1. Comment
  2. Comment
March 16, 2021

Google’s Privacy Sandbox is a step closer to a post-cookie world, but at what cost for competition?

By GlobalData Thematic Research

Google’s Privacy Sandbox project moves the advertising industry a step closer to a post-cookie world in which users’ data privacy is respected. Google is phasing out third-party cookies and “will not build alternative identifiers to track individuals as they browse across the web.”

However, Google’s dominant position in digital advertising means that it will lead the transformation but could also undermine competition in the market.
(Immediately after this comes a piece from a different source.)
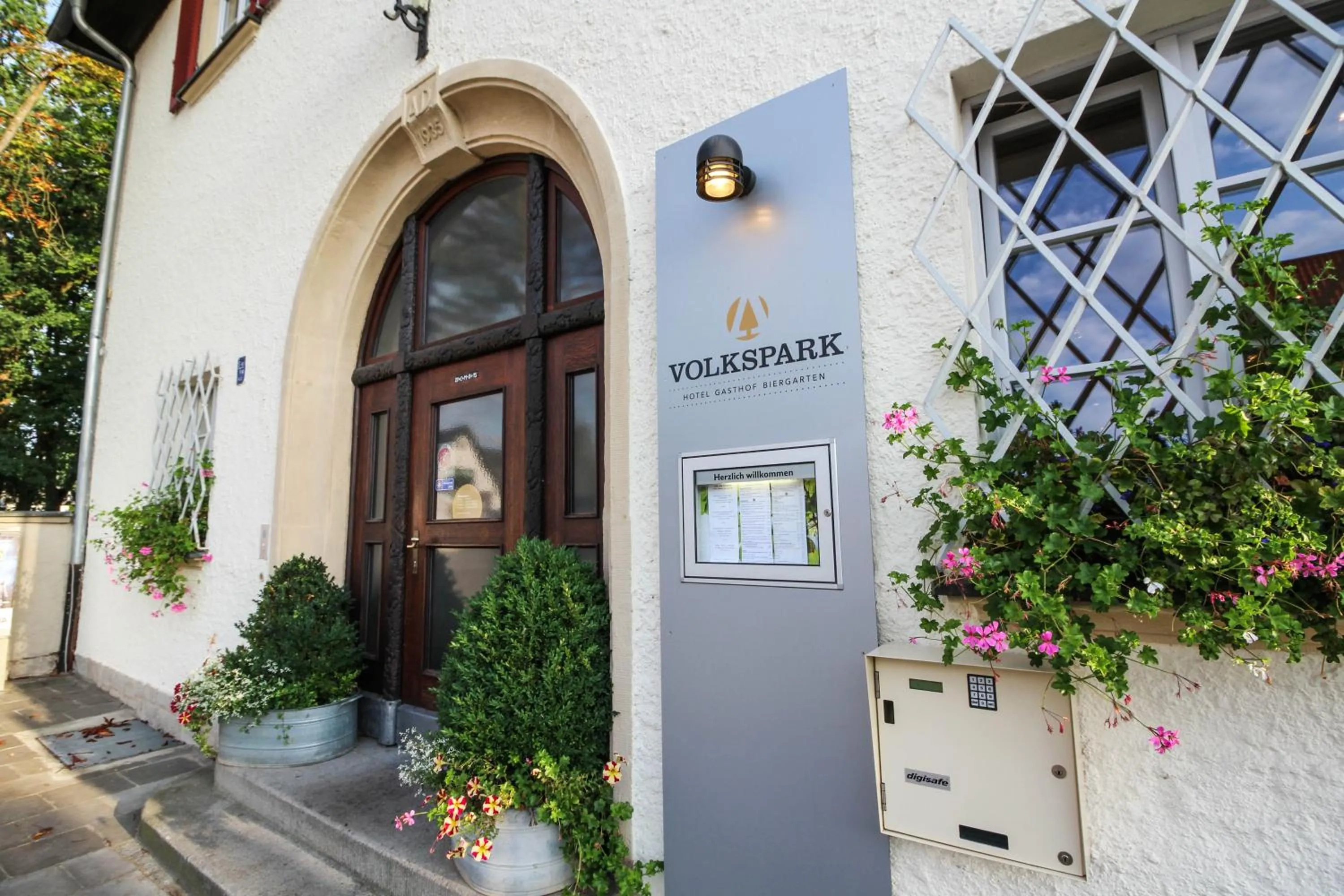 Facade/entrance in Volkspark Hotel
The advertising industry is reinventing itself

Reform of the digital advertising industry set in motion by the General Data Protection Regulation (GDPR) is at a critical juncture. Cookies enable hyper-targeted ads, which are of great value to advertisers, but they also pose risks to individual users’ privacy.
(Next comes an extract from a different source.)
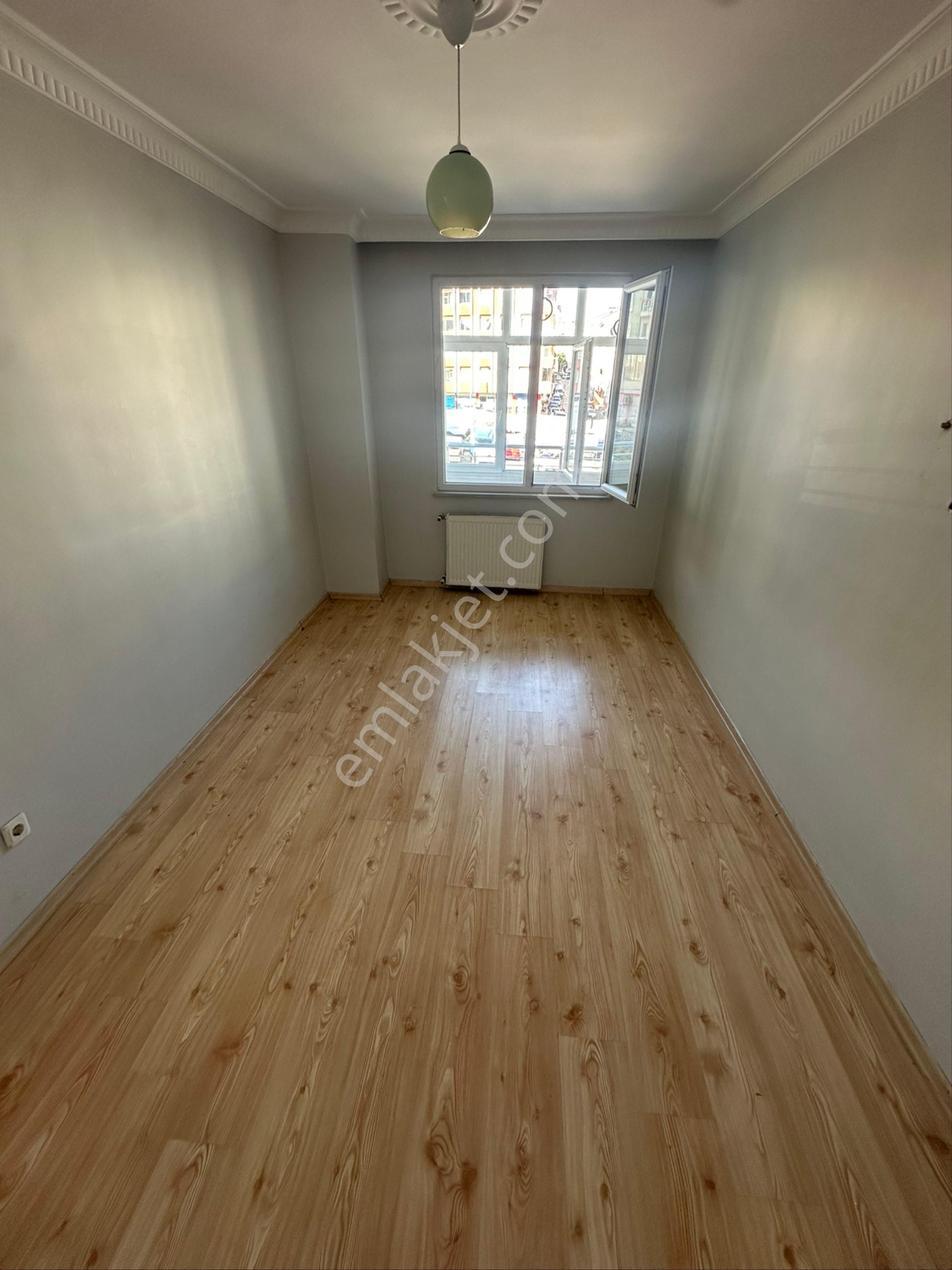 Esenyurt Pınar Mah. Satılık 2+1 3. Kat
Google received one of the biggest penalties under GDPR since the regulation came into force in 2018. The French watchdog fined the tech giant $60m for lack of consent when processing personal data for advertising purposes.

In the post-cookie world, advertisers increasingly seek a return to first-party data, based on direct interaction with the consumer, and reduce their dependence on third-party data. Both Apple and Mozilla (developers of the Firefox browser) have declared war on third-party cookie use, while Google has announced that it will phase them out on its Chrome browser by 2022.

Enter Sandbox

Promising an end to invasive personal profiling, Google’s new method of targeted advertising, dubbed “Privacy Sandbox” (which is being trialled by Chrome), will use a range of different tools to track users across the web and target them with personalised ads. The product uses Federated Learning of Cohorts (FLoC), which clusters large groups of people with similar interests. According to Google, this approach “effectively hides individuals ‘in the crowd’ and uses on-device processing to keep a person’s web history private on the browser”.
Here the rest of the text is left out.